Selon les données publiées récemment par l’Autorité bancaire européenne (EBA) le ratio Core Tier 1 moyen des plus grandes banques européennes a progressé de 30 points de base à 14.7 % au deuxième trimestre sous l’effet conjugué d’une légère contraction des risques pondérés et de changements réglementaires (« CRR2 quick fix »). On estime que ces deux facteurs continueront à jouer au deuxième semestre 2020, et il faudra attendre 2021 avant que les ratios de capital soient orientés à la baisse. Il n’est pas exclu, dans ce contexte, que certaines banques soient alors contraintes d’utiliser leurs coussins réglementaires de capital.

Quels sont les principaux « risques » auxquels les banques européennes vont être confrontées dans les deux années à venir ?

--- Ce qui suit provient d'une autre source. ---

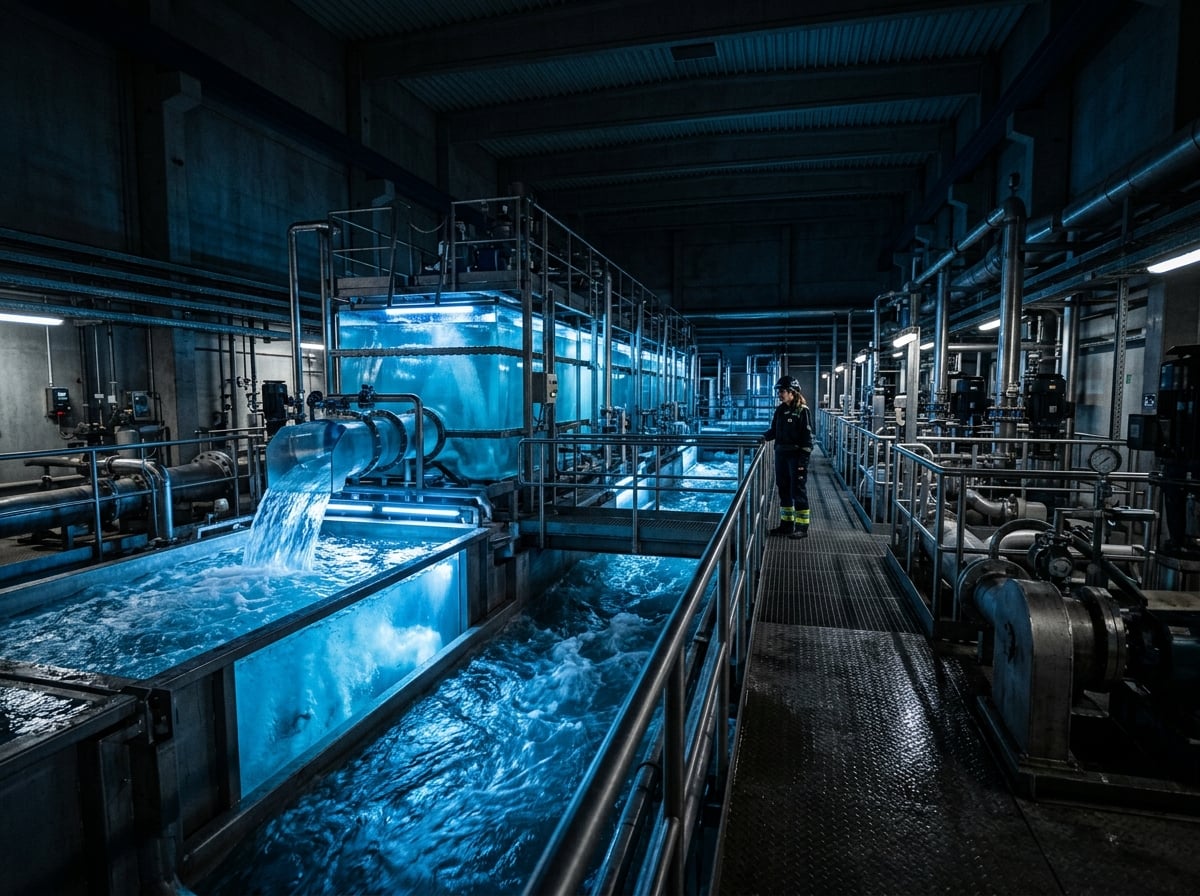 Water Treatment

Tout en étant solides, les systèmes bancaires européens sont actuellement confrontés à trois défis principaux, à savoir les conséquences multiples du choc provoqué par la crise sanitaire, la permanence d’un contexte de taux bas qui pèse sur leur rentabilité et la nécessité de poursuivre la transformation digitale qui nécessite de lourds investissements. Ce n’est donc pas un hasard si les projets de fusion de banques se multiplient ces dernières semaines, la crise actuelle opérant comme un accélérateur pour la résolution de problèmes structurels (surcapacité bancaire, faible rentabilité, etc.) et si la BCE continue de plaider pour une consolidation transfrontière dans le contexte d’une Union bancaire à parfaire.